EXERCISE DIRECTIONS: Every record below must be returned word for word, with the pictures left out.

· · · · · · ·

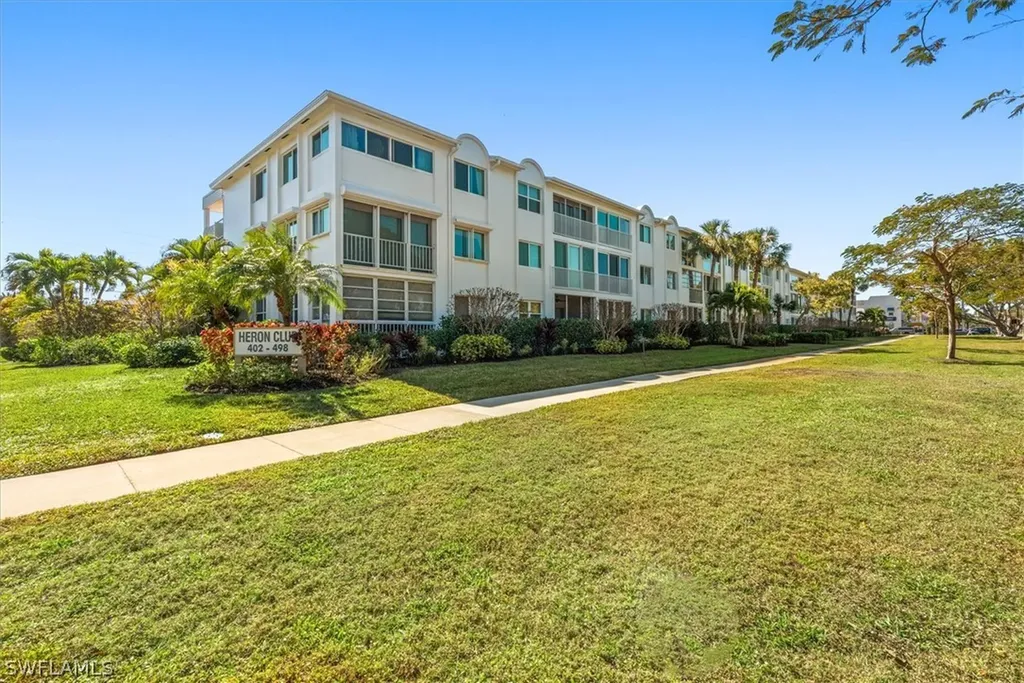 498 Broad Avenue S Naples FL 34102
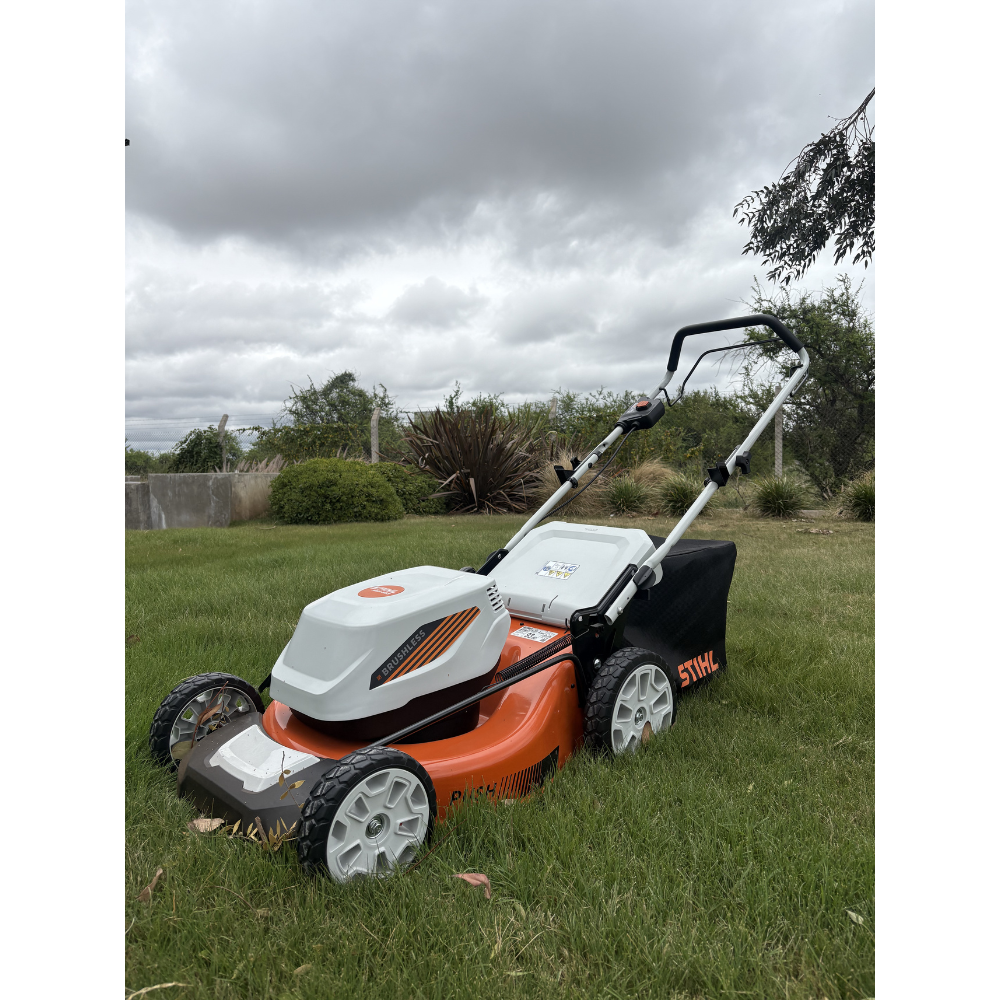 CORTACESPED STIHL A BATERIA RMA 353 CON BATERÍA Y CARGADOR - Image 3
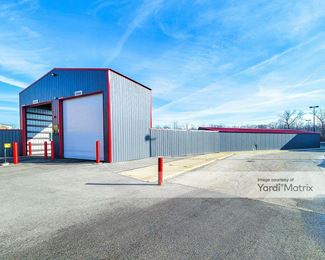 Photo 3 of Extra Space Storage - 8311 West North Avenue, Melrose Park, IL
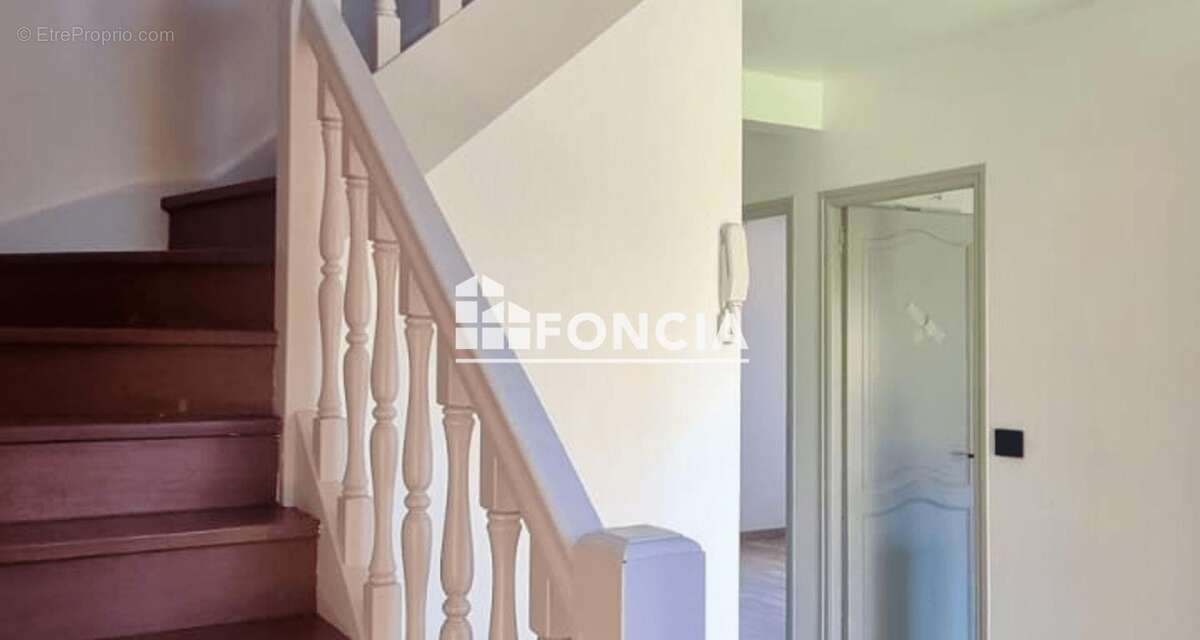 Maison familiale aux volumes généreux - photo 4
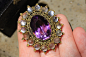 流光潋滟。维多利亚时期英国古董珠宝。紫水晶月光石金胸针-淘宝网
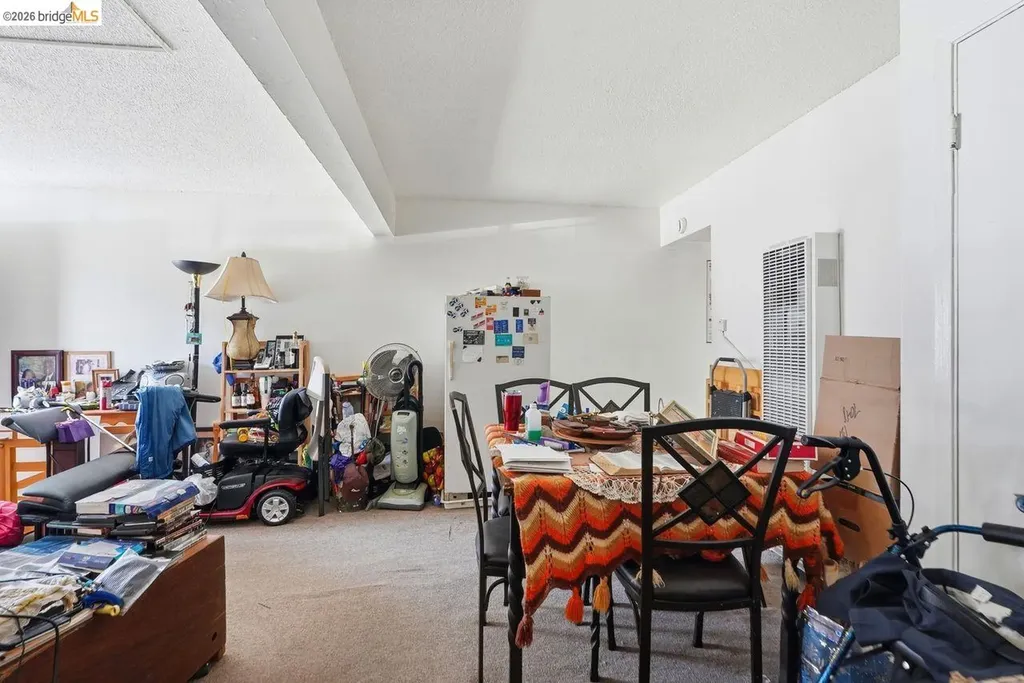 933 41st Street Oakland CA 94608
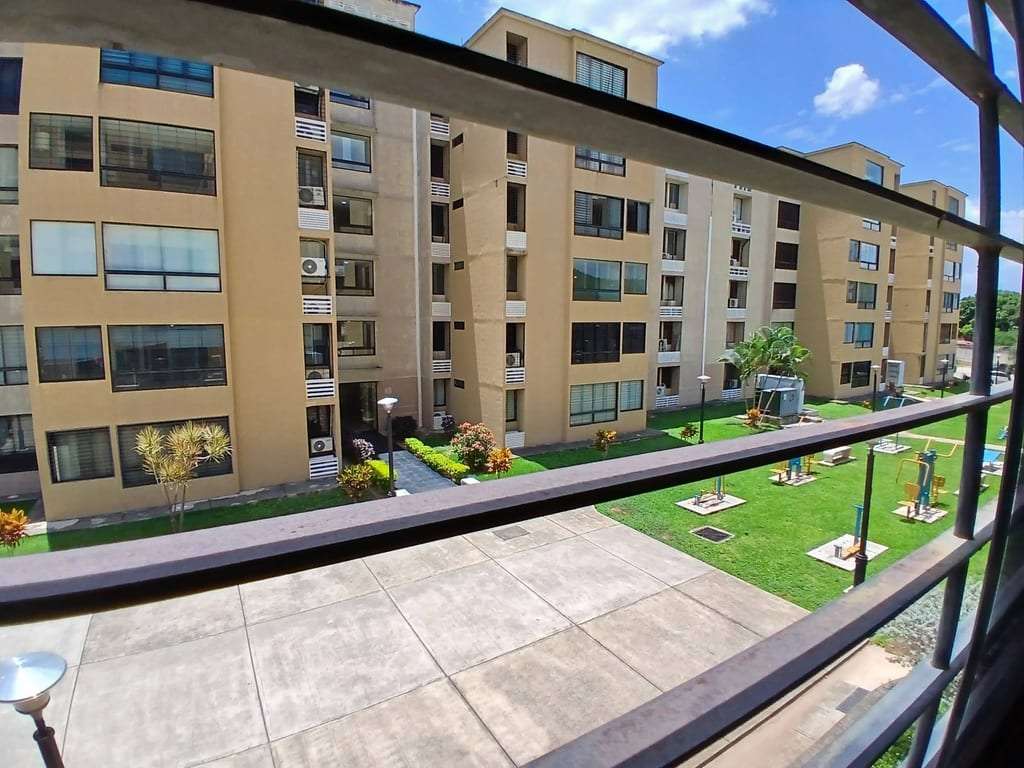 Apartamento en Valle Topacio, Valencia - 1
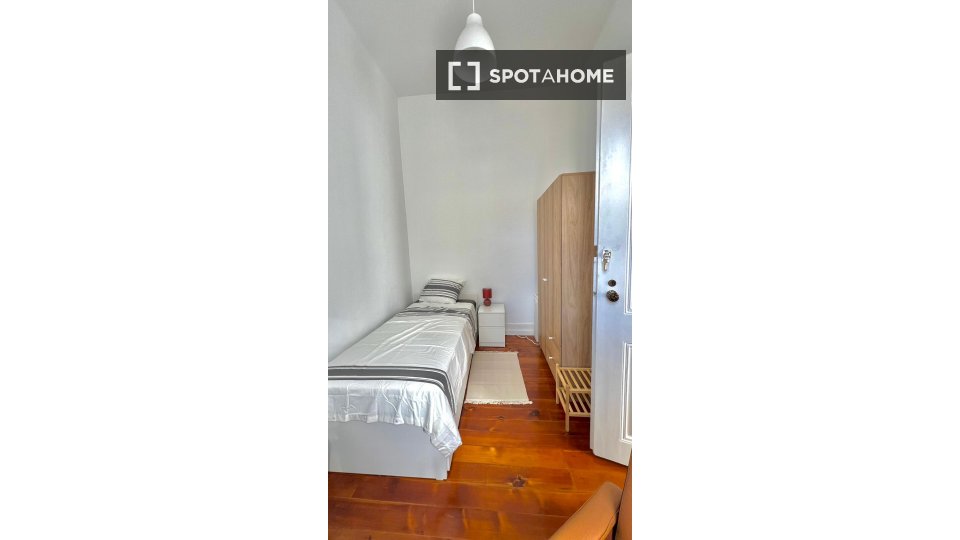 Double room Lisbon, 3 beds — photo 17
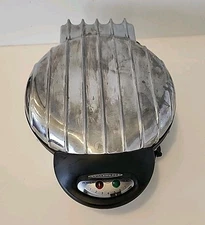 Villaware Waffle Tone Belgian Waffle Maker Baker Model 2002 TESTED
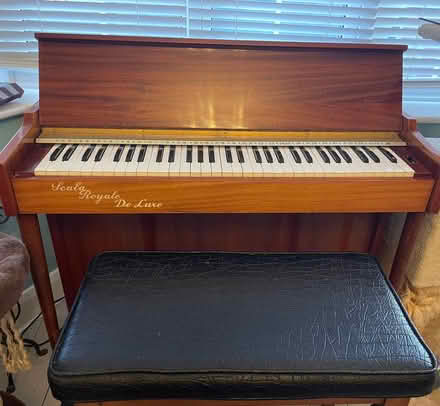 Photo of free Electric piano / organ ? (Rubery B45) #1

· · · · · · ·

RESPONSE TO THE TASK:
 498 Broad Avenue S Naples FL 34102
 CORTACESPED STIHL A BATERIA RMA 353 CON BATERÍA Y CARGADOR - Image 3
 Photo 3 of Extra Space Storage - 8311 West North Avenue, Melrose Park, IL
 Maison familiale aux volumes généreux - photo 4
 流光潋滟。维多利亚时期英国古董珠宝。紫水晶月光石金胸针-淘宝网
 933 41st Street Oakland CA 94608
 Apartamento en Valle Topacio, Valencia - 1
 Double room Lisbon, 3 beds — photo 17
 Villaware Waffle Tone Belgian Waffle Maker Baker Model 2002 TESTED
 Photo of free Electric piano / organ ? (Rubery B45) #1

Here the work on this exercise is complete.